O espaço é o único museu na
França inteiramente dedicado à obra do artista expondo-lhe pinturas, esculturas,
desenhos, colagens, trabalhos gráficos e objetos divertidos como o tal do sofá vermelho em forma de boca.
Nesse pequeno museu mora a
melhor coleção de esculturas do artista, muitas delas representando personagens
de trechos bíblicos e da literatura como Romeu e Julieta, Dom Quixote e uma
misteriosa Alice no País das Maravilhas pulando corda que me agrada muito, se
bem que a prefiro nas ilustrações coloridas feitas por Dalí.
Lá estão ao lado da versão
surrealista da Venus de Milo, a primeira escultura dele de nome Busto de uma
Mulher, a incomum Mulher Girafa, aquela outra em chamas, os relógios derretidos
e, é claro, o Elefante e o Caramujo.
Os trabalhos do artista são
sonhos ou pesadelos – que infelizmente não se pode fotografar - e caminhando sob
os céus de Montmarte após o Museu a conversa acaba sendo sobre toda a arte
urbana circundante que talvez seja um outro caminho, uma abordagem diferente
com novos códigos para confrontar velhas práticas de arte.
Não dá para não se perguntar
se na arte que mora nas paredes de Montmartre não nos deparamos com um forte e
ainda desconhecido vocabulário visual, um léxico não identificável à primeira
vista? Será que os grafiteiros que se apropriam dos espaços públicos –
fachadas, muros, escadas, paredes e até mesmo os lampiões do bairro - reinterpretando
motivos e temas famosos, não estão fazendo apenas o que fez Dalí?
Quem olha aquelas maluquices
todas com a mente aberta, percebe a mesma atitude iconoclasta, pensativa, alegre
e libertária. E encontra um pendor comum para a cor e o estranho, alguma forma
de fermento intelectual dissidente, algo entre a inspiração criativa e a
provocação, tanto nos grafites quanto na obra de Dalí.
Polimórfica, explosiva,
rebelde, desconcertante, engraçada, incomum, popular: estamos falando da arte
de Dalí ou daquela de rua? Assim como Dalí, os artistas de rua são ilimitados
quando se trata de suas fontes de inspiração e de crença, do material e dos
meios que eles usam para criar. Há quem odeie e há quem aprecie a arte de rua.
Milito entre os do último time.
E assim pensando é só fazer o caminho de volta pela Rua Poulbot, virar à direita, esnobar o
badalado restaurante Le Consulat e de novo direita volver e voilà!

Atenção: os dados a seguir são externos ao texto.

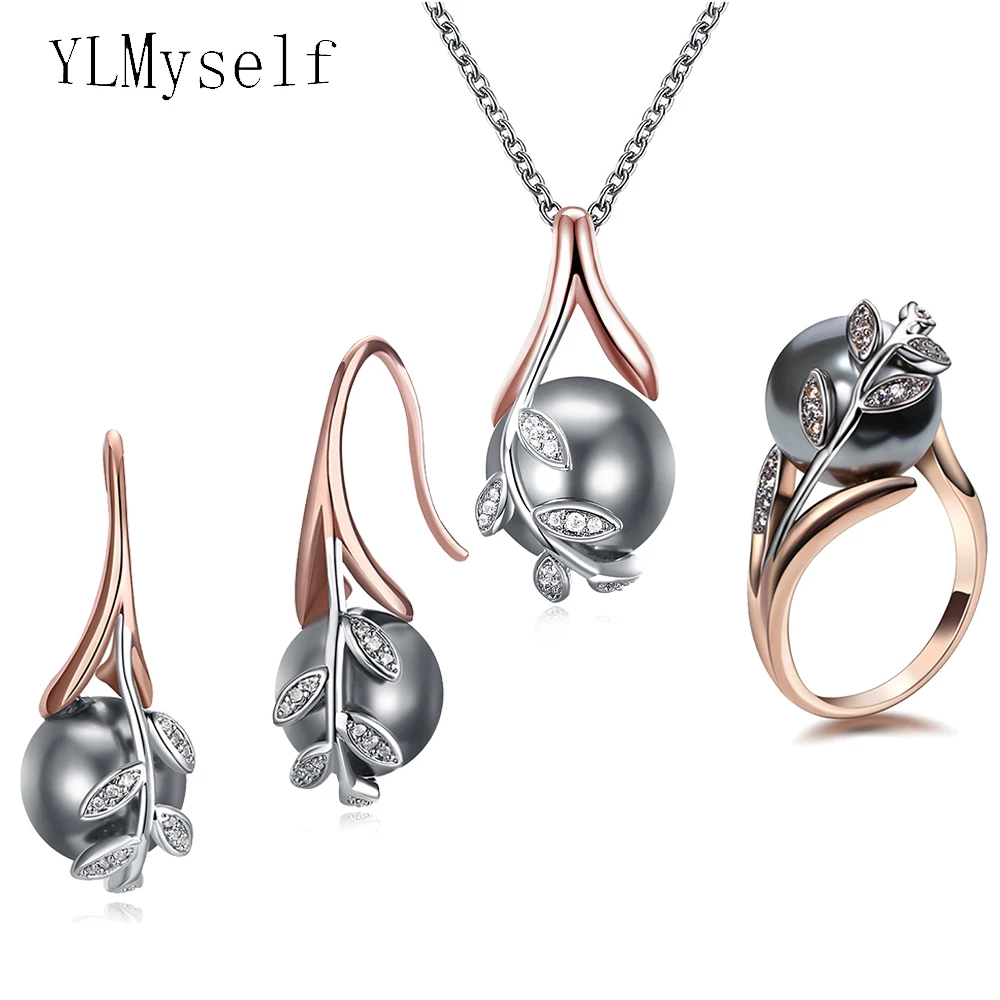 Комплект из колье серёг и кольца с жемчугом|jewelry sets|leaf jewelry setset rose |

Noutra viela agradável nos
deparamos com um pátio estreito rodeado por edifícios residenciais e lá,
atravessando valentemente o muro dos fundos, eis que nos aparece uma escultura
do artista Jean Marais de nome O Passa-Paredes.
Trata-se do Monsieur Dutilleul - o protagonista do conto do escritor Marcel Aymé –
aquele que anda através das paredes, rouba bancos e milionários todas as
noites, assina com giz vermelho na superfície
mais próxima do delito o pseudônimo Garou-Garou
- da expressão francesa loup garou significando lobisomem - conquista a simpatia do público por zombar da polícia
e provoca nas senhoras um férvido desejo. Até que, em um triste dia, depois de visitar
a mulher amada e casada, uma parede o prendeu para sempre... em Montmartre!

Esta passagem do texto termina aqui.